UNIXベースのハードおよびソフトウェアの販売、システムエンジニアサービスなどを手掛けるニイウスの株価が、株式分割後に急騰をみせている。IT関連株物色の流れに乗ると同時に、折からの株式分割銘柄人気も手伝って、依然として先高期待を持続している。市場関係者の一部からは「ニイウスの株価本格上昇はこれから」との見方も浮上している同社株価の今後の動向を探った。
ニイウスの株価上昇のきっかけとなったのは、9月1日に発表した9月30日付けでの株式分割の実施だった。その株式分割は、9月30日現在の株主に対して、従来の1株を2株にするというものである。
株式分割発表前の9月1日の終値42万4000円から株価はジリ高傾向をたどり、分割権利付き最終日の24日に株価は46万6000円にまで上昇した。そして、分割権利落ちの翌日25日の終値は24万3000円となった。その翌日から急ピッチでの上昇となり、30日には33万5000円の年初来高値(株式分割後)をつけた。
市場関係者は「今回の9月末株式分割ではヤフーをはじめ、ワコム、インボイスなど新興市場の人気銘柄を中心に株価が権利落ち後に急騰する傾向が際立っている。そうした相場環境のなかで、ニイウスも東証1部上場企業としては珍しい1株を2株にするという大幅な分割ということもあり、買い人気が集中したようだ」としている。しかし一方では、ニイウスの株価上昇は単に株式分割銘柄人気に乗っただけではなく、今後の事業展開の将来性を評価した息の長いものという見方もある。
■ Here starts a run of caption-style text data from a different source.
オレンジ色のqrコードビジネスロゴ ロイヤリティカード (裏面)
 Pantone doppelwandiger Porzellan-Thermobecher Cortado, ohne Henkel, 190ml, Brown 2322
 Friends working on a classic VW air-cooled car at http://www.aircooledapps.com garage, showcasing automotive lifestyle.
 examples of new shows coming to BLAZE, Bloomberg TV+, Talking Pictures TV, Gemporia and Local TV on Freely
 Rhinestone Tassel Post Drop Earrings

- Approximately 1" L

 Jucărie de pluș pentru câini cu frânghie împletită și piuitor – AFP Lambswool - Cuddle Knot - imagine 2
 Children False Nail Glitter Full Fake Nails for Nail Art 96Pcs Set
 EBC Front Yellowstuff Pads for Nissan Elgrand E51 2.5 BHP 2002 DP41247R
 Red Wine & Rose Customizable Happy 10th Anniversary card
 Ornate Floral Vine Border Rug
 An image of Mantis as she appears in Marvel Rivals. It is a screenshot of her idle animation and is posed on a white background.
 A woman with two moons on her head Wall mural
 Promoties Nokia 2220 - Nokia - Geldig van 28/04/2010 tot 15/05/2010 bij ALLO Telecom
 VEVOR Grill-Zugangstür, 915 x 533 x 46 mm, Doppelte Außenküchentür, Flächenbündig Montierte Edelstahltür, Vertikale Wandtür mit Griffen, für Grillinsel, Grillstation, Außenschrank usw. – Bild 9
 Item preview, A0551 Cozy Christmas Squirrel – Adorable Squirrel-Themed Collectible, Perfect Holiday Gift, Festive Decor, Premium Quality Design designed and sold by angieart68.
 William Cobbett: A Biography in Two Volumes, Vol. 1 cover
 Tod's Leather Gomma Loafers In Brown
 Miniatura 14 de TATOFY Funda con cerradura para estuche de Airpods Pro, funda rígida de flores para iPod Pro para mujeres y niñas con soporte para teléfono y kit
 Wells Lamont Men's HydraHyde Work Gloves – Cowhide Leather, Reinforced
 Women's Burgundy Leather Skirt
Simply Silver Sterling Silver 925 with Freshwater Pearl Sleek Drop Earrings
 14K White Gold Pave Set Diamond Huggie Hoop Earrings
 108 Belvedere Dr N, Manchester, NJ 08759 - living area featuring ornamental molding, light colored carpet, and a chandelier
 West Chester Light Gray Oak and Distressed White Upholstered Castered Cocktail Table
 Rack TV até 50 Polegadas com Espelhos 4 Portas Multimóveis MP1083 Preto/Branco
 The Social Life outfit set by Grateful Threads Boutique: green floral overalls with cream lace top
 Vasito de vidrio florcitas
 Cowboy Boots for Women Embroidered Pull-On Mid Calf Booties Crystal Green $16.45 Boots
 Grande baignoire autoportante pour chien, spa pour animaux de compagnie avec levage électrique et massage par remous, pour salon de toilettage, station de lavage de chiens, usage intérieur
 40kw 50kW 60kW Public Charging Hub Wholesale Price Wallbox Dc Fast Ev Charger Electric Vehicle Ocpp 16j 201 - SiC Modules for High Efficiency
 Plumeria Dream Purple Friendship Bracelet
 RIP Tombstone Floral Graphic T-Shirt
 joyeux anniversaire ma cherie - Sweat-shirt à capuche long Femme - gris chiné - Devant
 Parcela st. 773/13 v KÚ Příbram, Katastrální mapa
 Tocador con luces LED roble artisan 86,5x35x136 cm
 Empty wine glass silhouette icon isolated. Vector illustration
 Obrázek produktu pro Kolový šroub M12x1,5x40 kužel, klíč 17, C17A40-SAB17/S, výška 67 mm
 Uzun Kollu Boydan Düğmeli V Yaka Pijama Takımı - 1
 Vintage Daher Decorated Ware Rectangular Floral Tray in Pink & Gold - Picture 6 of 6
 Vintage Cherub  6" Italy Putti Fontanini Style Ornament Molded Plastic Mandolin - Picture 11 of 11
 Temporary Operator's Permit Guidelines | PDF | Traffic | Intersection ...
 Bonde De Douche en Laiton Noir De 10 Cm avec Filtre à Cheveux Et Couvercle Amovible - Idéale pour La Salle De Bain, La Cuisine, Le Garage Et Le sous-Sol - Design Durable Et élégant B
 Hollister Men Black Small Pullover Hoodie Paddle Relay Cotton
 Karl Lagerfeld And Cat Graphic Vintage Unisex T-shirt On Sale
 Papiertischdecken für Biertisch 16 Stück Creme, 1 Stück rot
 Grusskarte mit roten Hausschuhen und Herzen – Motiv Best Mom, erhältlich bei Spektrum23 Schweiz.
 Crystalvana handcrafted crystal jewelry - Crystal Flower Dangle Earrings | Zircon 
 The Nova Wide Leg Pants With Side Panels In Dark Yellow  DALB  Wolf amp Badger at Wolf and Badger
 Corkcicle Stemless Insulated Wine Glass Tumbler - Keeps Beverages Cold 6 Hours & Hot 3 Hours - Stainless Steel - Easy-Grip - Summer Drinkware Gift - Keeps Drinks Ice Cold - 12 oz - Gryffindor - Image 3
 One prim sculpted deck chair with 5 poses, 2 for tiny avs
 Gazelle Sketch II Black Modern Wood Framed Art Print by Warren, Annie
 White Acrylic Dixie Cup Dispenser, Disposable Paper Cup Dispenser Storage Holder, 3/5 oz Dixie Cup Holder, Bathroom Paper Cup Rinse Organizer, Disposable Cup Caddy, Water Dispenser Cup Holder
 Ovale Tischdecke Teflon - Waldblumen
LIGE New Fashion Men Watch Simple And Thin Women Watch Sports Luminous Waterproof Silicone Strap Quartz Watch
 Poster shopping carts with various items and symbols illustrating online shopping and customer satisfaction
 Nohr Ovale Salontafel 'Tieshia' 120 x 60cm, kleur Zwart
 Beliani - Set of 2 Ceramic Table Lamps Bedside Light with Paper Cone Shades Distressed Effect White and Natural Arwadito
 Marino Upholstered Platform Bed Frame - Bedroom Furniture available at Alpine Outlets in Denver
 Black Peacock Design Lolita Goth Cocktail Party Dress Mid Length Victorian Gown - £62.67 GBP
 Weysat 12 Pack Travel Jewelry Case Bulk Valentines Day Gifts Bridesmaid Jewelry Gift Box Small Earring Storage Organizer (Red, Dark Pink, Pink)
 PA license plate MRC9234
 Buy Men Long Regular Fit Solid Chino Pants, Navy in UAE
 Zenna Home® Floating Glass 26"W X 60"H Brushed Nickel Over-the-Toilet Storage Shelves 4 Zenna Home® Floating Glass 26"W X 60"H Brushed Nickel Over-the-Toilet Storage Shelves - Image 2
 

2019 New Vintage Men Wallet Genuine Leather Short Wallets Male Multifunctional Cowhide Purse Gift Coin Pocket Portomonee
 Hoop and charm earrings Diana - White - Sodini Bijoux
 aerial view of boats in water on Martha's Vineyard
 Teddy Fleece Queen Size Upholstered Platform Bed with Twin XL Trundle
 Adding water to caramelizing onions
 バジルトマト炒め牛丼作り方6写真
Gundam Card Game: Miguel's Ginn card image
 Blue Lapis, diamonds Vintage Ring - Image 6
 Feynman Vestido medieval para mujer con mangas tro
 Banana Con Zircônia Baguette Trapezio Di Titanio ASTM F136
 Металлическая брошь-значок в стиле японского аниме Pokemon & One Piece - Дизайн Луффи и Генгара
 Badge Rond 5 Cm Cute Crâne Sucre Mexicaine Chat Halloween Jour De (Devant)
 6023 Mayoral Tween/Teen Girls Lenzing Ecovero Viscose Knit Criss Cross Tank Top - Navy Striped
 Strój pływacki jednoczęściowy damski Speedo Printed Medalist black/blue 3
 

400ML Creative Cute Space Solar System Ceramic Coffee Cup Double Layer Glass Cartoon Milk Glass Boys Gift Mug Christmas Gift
外国証券のアナリストは「ニイウスの強みは大型サーバと基本ソフト、データベースなどのミドルウェア。開発ツールの要素技術の蓄積が進んでおり、IBM製ソフトウェアからハードウェアまで豊富な技術をもっている点にある。また、多数の金融機関向けに大規模クライアントサーバシステムを開発した実績があり、システム設計・開発ノウハウを保有している。今年の末以降、メガバンクのシステム投資が活発となることが見込まれているが、金融機関向けオープンシステムのインフラ基盤構築に関して業界内で確固たる優位性を確立していることで、恩恵をフルに享受できそうだ。野村総合研究所、伊藤忠テクノサイエンス、富士通サポートアンドサービスなどの株価急騰と比べれば、時価水準でも依然として出遅れ感が顕著で、今・来期30%超の増収経常増益が見込めるだけに、積極買いで臨みたい」と、さらなる株価上昇を見込んでいる。
同社の2004年6月期の連結業績は、売上高600億円(前期比18.8%増)、経常利益37億2000万円(同48%増)、純利益20億円(同55%増)と見込まれているが、上方修正の可能性も高まっている。また中期計画では、2008年6月期の連結業績で、売上高1000億円、経常利益70億円という数値目標だが、同社のSE教育育成能力は他社を圧倒しており、同社のシステムが先を行く状態にある。SEの成長で中期計画達成は十分可能との見方が一般的だ。
ただ、株価の上昇が8月半ばからわずか2カ月足らずの間に実質2倍にまでハネ上がった現状を考慮すると、今後は短期間で一本調子の上昇を期待することは難しいと思われる。中・長期的視野に立った投資スタンスが必要だろう。